Caption-style text data
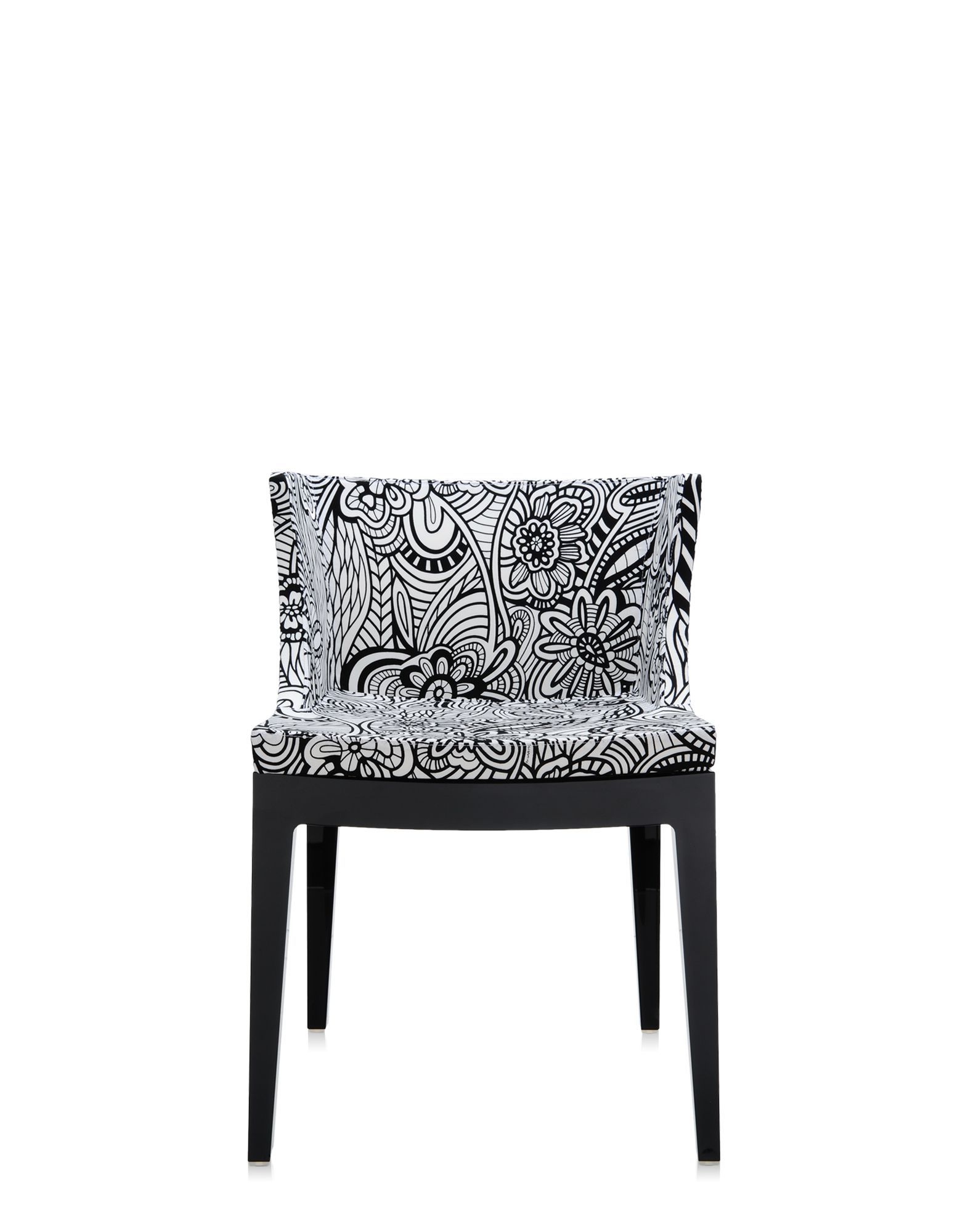 Тканевый стул Kartell MADEMOISELLE RUBELLI ARCH-00064558 - Вид №64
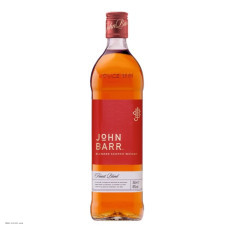 Віскі John Barr Finest Blend 0.7L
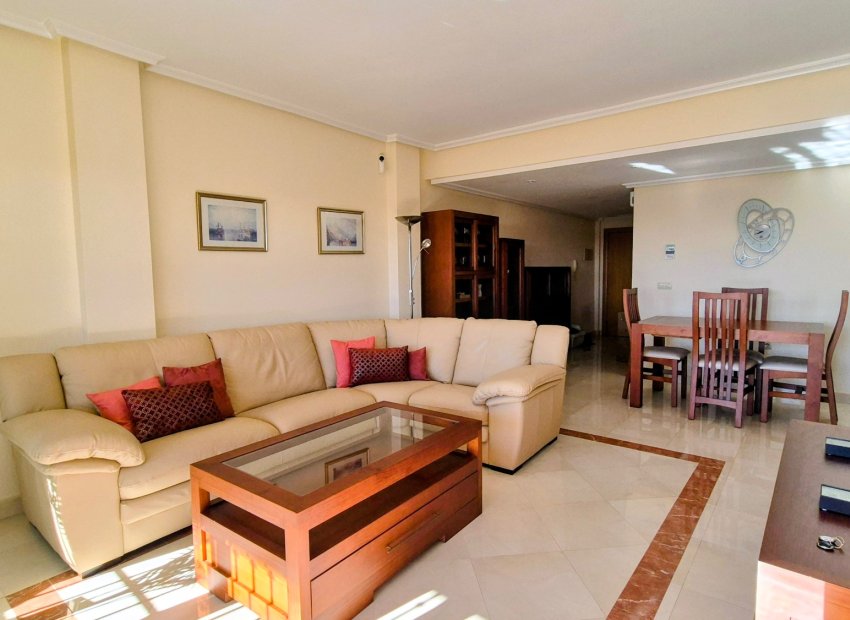 Herverkoop - Appartement / flat - Orihuela Costa - Villamartín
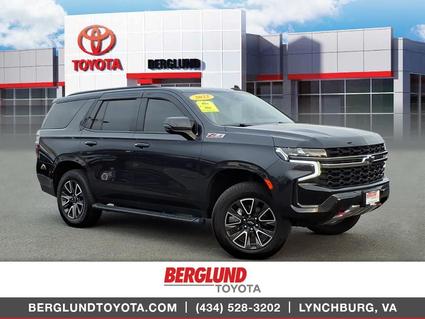 2022 Chevrolet Tahoe Lynchburg VA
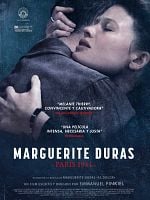 Cartel de Marguerite Duras. París 1944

Your objective: Quote each entry above verbatim and drop the pictures.

Response box:
 Тканевый стул Kartell MADEMOISELLE RUBELLI ARCH-00064558 - Вид №64
 Віскі John Barr Finest Blend 0.7L
 Herverkoop - Appartement / flat - Orihuela Costa - Villamartín
 2022 Chevrolet Tahoe Lynchburg VA
 Cartel de Marguerite Duras. París 1944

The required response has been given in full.